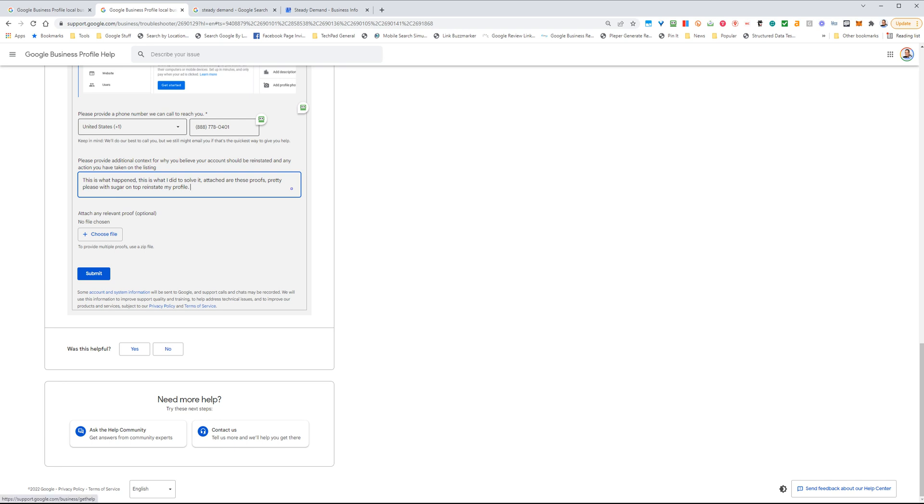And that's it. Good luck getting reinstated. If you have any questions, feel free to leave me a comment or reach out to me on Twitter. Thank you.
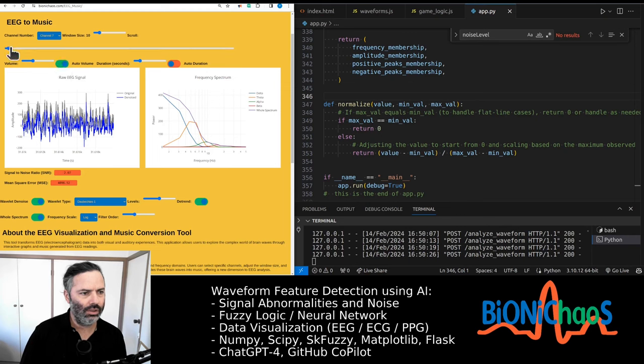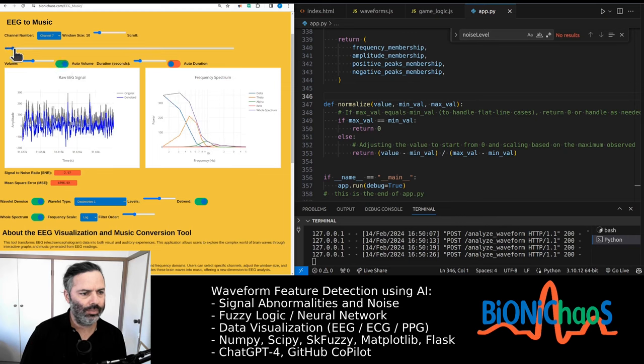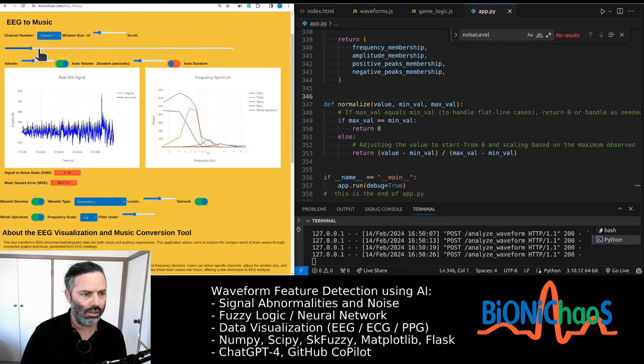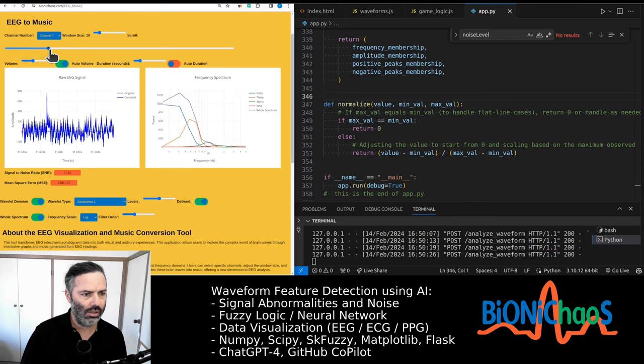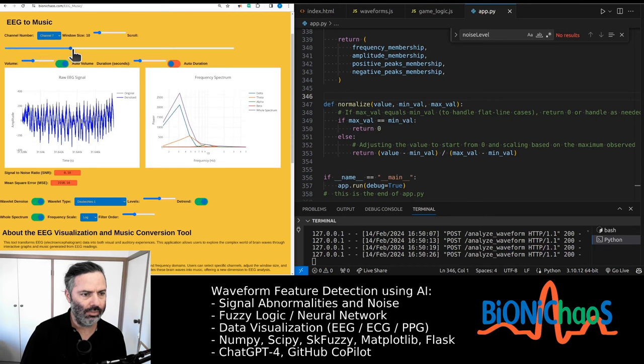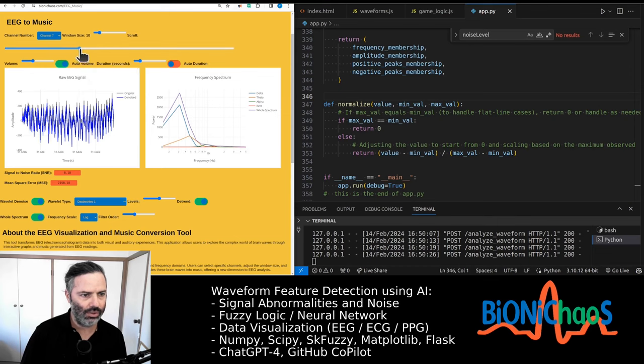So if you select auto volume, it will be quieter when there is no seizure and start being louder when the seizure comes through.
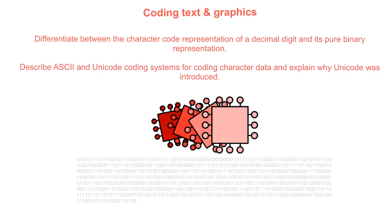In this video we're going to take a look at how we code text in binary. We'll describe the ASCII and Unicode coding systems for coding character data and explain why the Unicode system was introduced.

# # # # # # #

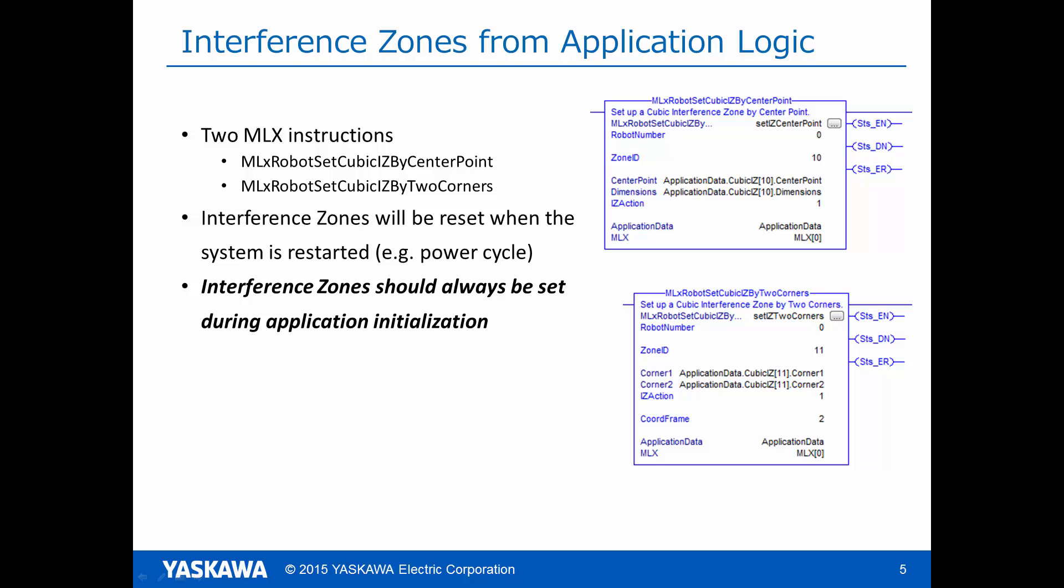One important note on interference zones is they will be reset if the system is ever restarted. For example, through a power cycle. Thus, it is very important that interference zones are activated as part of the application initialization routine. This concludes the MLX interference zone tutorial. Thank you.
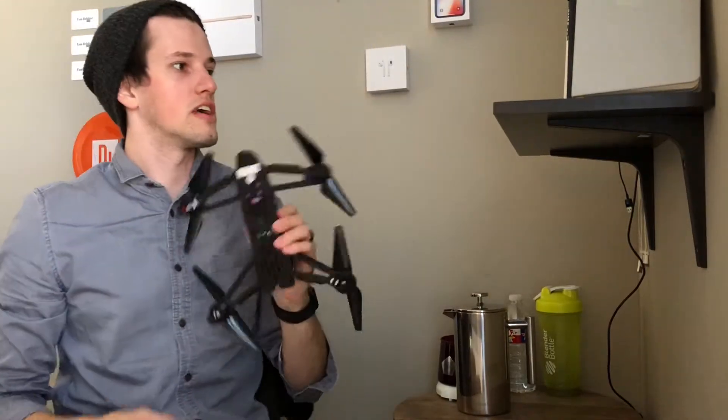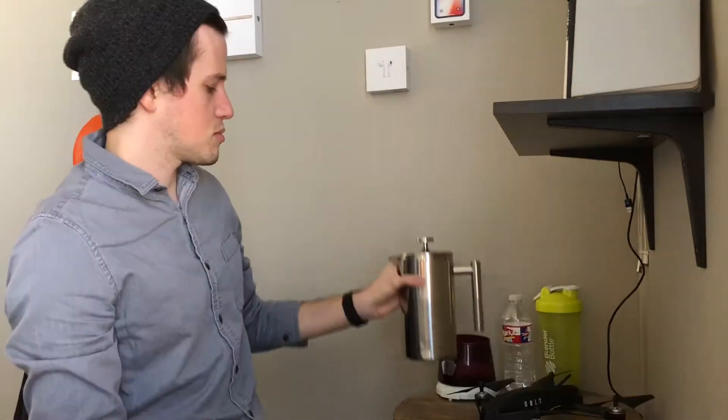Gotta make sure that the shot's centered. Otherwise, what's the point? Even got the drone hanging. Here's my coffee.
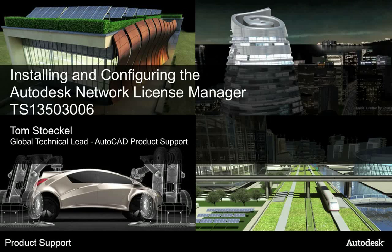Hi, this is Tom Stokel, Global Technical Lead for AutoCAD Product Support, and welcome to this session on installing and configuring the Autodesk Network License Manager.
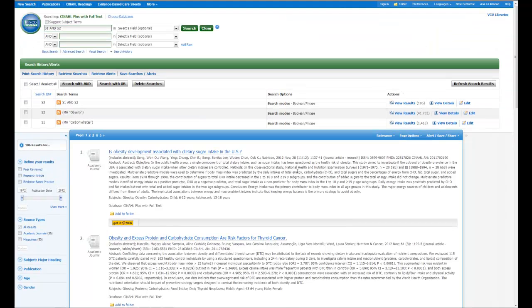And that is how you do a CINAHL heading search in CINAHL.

# # # # # # #

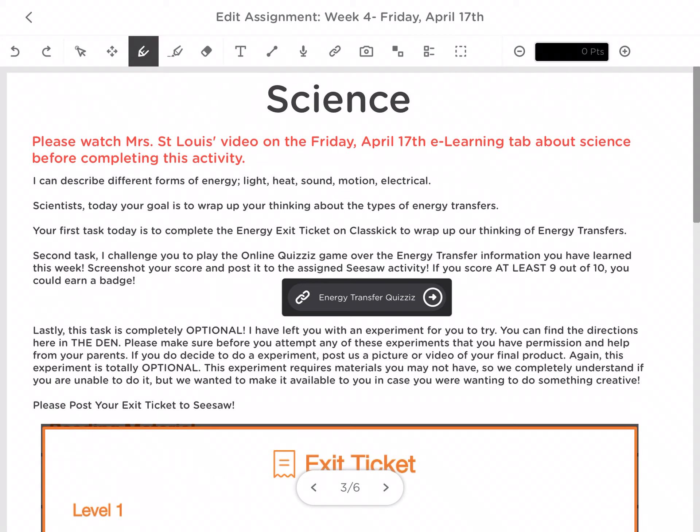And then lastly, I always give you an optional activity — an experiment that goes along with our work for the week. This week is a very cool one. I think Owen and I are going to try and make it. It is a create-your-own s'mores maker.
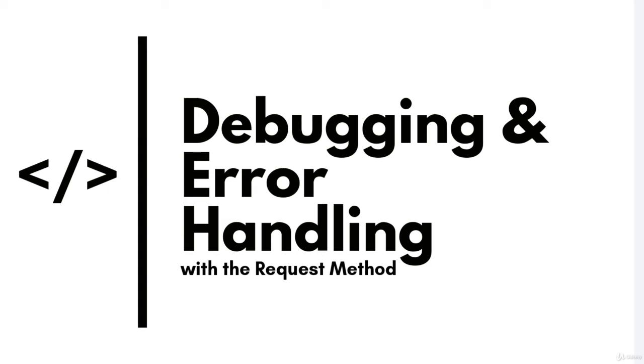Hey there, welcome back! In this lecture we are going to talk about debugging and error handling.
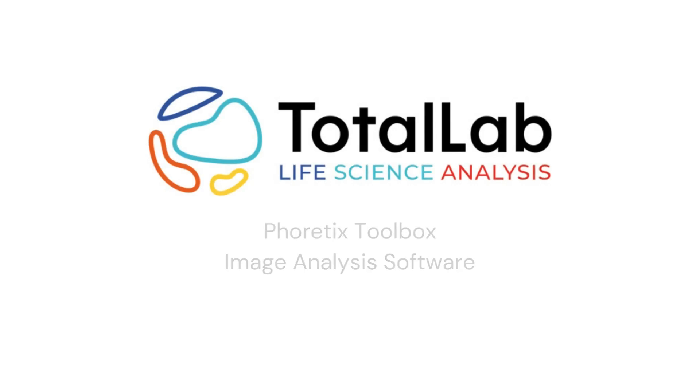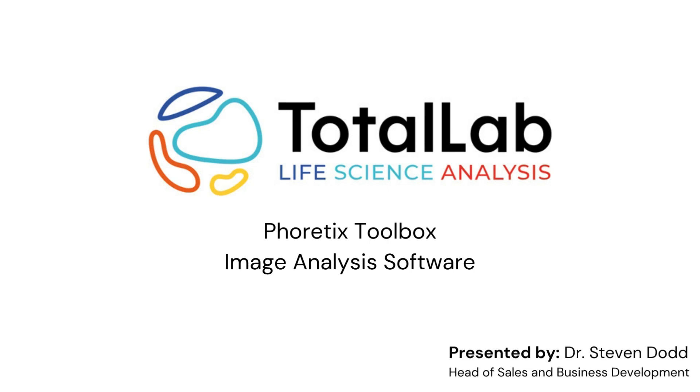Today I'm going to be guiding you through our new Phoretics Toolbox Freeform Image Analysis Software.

# # # # # # #

EXERCISE » Pictures excluded, transcribe the listing above exactly from the line with "Hi, this is" through the line with "And that is", and no further.

SOLUTION TO THE PROBLEM »
Hi, this is Tom Stokel, Global Technical Lead for AutoCAD Product Support, and welcome to this session on installing and configuring the Autodesk Network License Manager.
And that is how you do a CINAHL heading search in CINAHL.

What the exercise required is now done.